▶ **WHAT IS REQUIRED**
When you write out the listing below, keep each word exactly as it stands and drop the pictures.

▶ **INFORMATION SHOWN**
-------
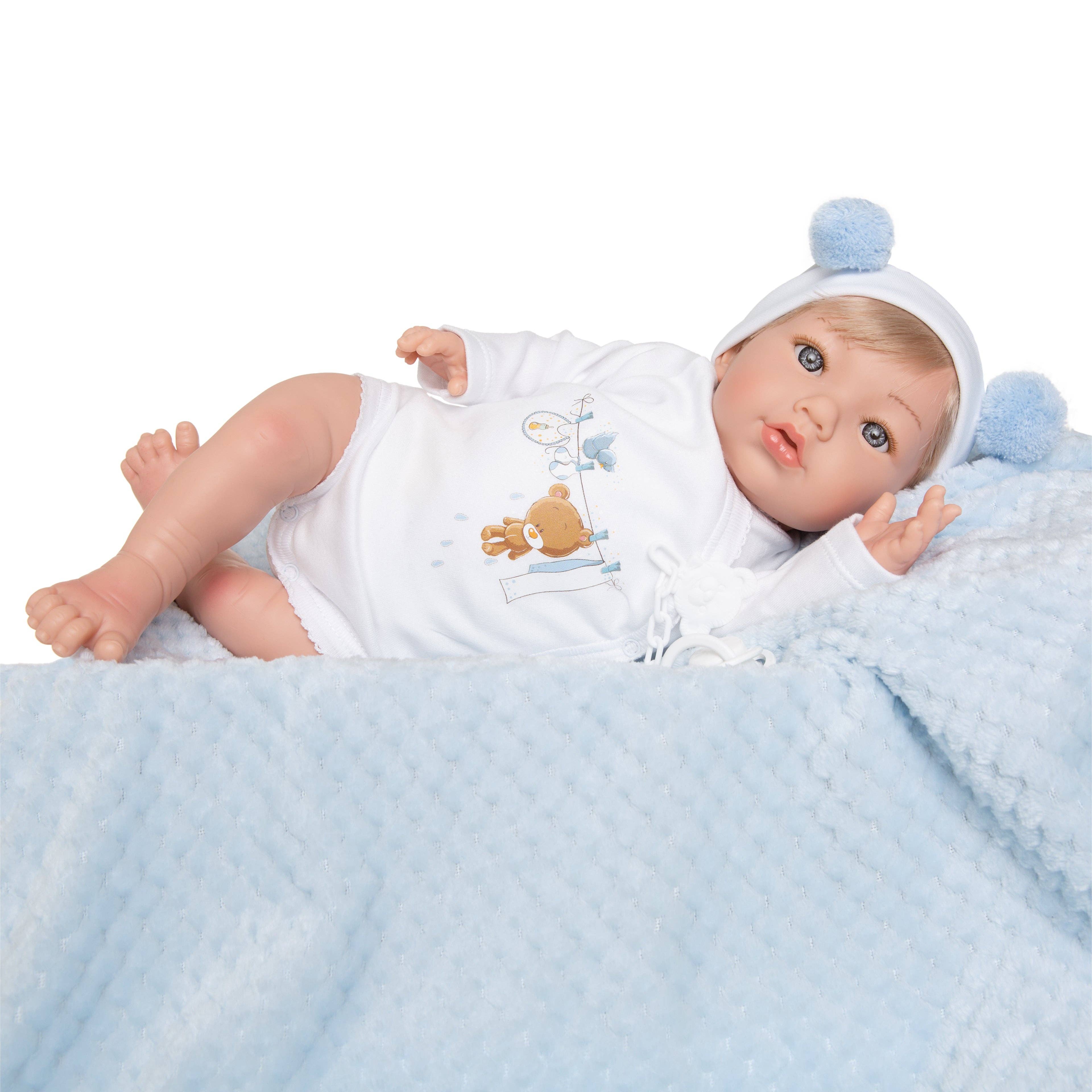 Maria & Jesus - Wholesale Doll - Kids - Reborn Baby Doll - Manuel6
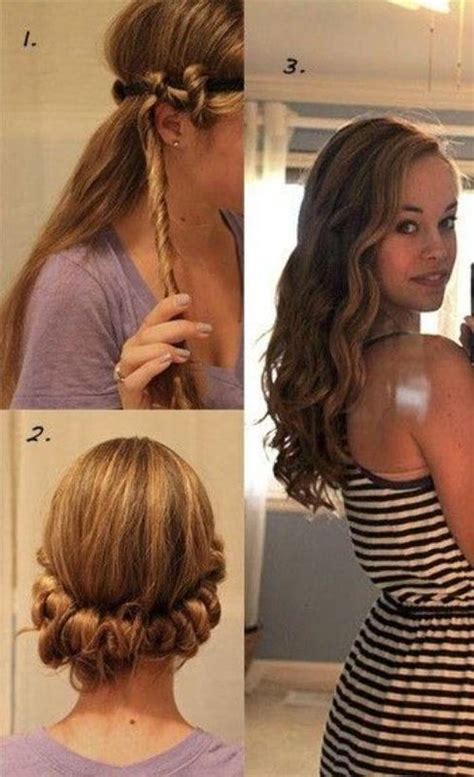 Find out how to get wavy hair without the heat with aussie's top tips. 25 Ways Of How To Make Your Hair Wavy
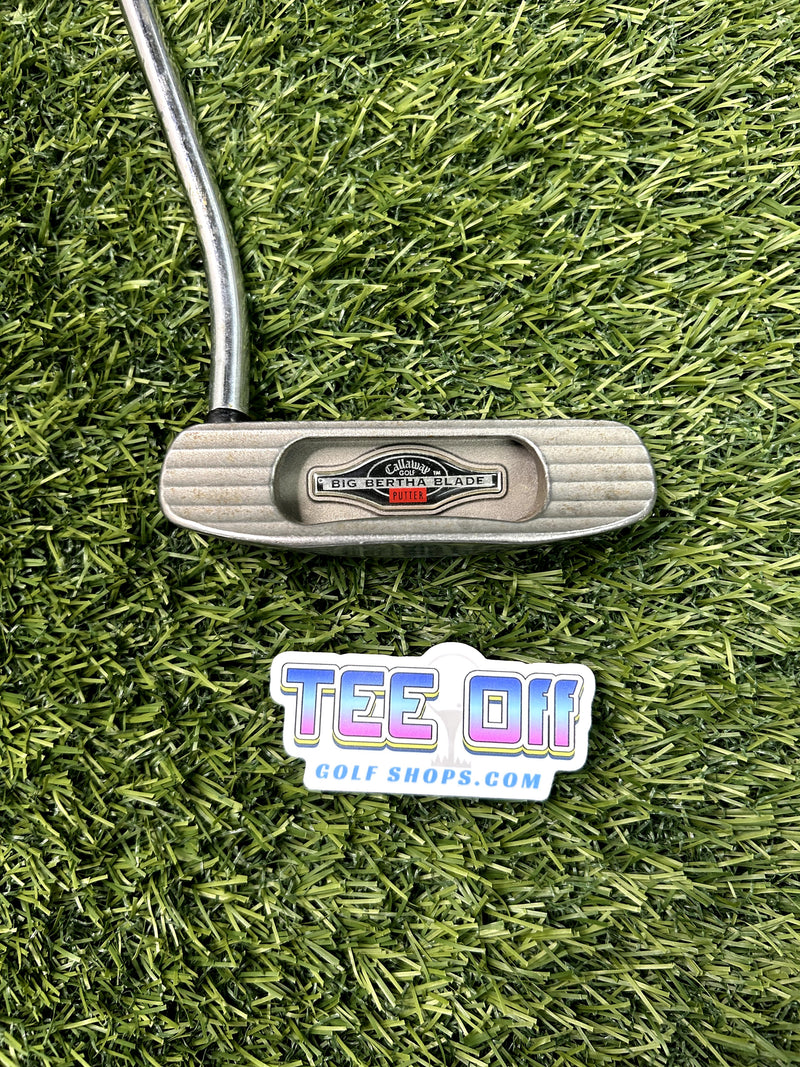 Callaway Big Bertha Blade 35" Putter RH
-------
▶ **ANSWER TO THE PROBLEM**
 Maria & Jesus - Wholesale Doll - Kids - Reborn Baby Doll - Manuel6
 Find out how to get wavy hair without the heat with aussie's top tips. 25 Ways Of How To Make Your Hair Wavy
 Callaway Big Bertha Blade 35" Putter RH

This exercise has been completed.